Revenu dans la moiteur de Madras, j'ai voulu m'initier à la chorégraphie hindoue. Chaque soir les journaux annoncent ballets et exhibitions variées et j'opte pour le récital donné par une petite fille dont la presse dit le plus grand bien Kumari Sheila. Elle se produit dans une exhibition de Bharata Natyam, la danse du Sud. J'arrive à 18 heures dans un théâtre assez vaste mais peu confortable. Il fait si chaud que les portes donnant sur la rue resteront ouvertes pendant toute la soirée. D'énormes ventilateurs brassent l'air. Les spectateurs sont déjà nombreux et le chatoiement des saris sur les gradins est un émerveillement.

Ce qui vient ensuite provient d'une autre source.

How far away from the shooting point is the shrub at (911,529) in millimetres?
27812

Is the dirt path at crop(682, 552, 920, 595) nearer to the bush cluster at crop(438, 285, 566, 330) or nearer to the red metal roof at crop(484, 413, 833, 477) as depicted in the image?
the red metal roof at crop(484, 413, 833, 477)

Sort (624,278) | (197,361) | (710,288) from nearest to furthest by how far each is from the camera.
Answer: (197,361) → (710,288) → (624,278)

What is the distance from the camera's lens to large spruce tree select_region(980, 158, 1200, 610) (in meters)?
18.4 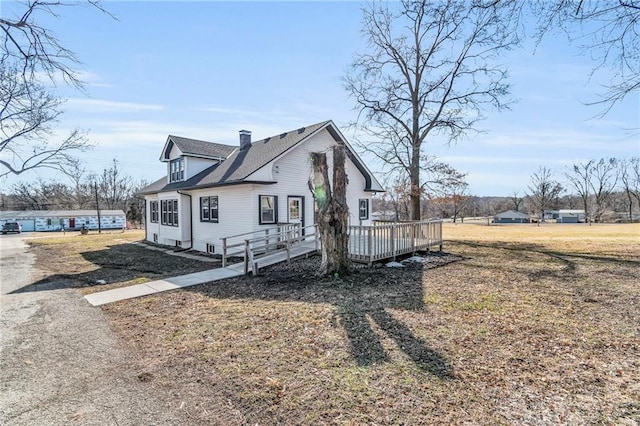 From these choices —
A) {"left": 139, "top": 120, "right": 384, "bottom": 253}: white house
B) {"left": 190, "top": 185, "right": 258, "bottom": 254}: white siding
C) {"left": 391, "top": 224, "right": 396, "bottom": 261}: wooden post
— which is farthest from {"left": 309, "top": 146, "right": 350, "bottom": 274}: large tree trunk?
{"left": 190, "top": 185, "right": 258, "bottom": 254}: white siding

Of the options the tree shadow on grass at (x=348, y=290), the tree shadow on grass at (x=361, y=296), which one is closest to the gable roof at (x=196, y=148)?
the tree shadow on grass at (x=348, y=290)

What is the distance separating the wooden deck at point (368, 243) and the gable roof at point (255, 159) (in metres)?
2.75

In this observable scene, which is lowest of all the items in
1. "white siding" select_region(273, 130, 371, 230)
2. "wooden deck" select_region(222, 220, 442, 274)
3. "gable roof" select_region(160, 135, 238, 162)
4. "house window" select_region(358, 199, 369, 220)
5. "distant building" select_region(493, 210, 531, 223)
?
"distant building" select_region(493, 210, 531, 223)

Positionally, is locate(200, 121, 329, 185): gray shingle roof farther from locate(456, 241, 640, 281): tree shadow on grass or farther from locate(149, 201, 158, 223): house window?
locate(456, 241, 640, 281): tree shadow on grass

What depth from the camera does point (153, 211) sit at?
22219 mm

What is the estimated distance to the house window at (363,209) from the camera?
735 inches

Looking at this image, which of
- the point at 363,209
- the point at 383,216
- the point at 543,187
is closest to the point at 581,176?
the point at 543,187

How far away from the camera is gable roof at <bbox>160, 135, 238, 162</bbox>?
1822 centimetres

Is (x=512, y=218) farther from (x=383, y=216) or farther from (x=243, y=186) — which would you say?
(x=243, y=186)

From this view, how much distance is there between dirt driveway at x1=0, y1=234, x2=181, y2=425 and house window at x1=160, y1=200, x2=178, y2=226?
11.7 metres

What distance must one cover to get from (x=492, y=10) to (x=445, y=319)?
5847mm

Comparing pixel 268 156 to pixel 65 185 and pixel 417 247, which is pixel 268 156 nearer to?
pixel 417 247

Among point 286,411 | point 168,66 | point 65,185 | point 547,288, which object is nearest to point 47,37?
point 168,66

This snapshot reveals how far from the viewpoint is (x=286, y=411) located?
3238mm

Avec une demi-heure de retard la salle s'éteint. Des projecteurs inondent la scène (pas de rideau) tandis que cinq ou six musiciens traversent le plateau et s'assoient sur le plancher. Ils attaquent. Alors apparaît dans le fond une petite fille portant du linge de maison d'une douzaine d'années. Elles s'avance en se déhanchant curieusement, scandant sa progression de coups de talon sur le sol. Des clochettes d'argent montées sur des bracelets de cuir entourent ses chevilles et résonnent en cadence à chaque pas. Les violonistes, assis en tailleur, appuient tout en jouant l'extrémité de l'instrument sur leur pied nu. La musique ondule parfois d'étrange façon mais un joueur de cymbale maintient le rythme.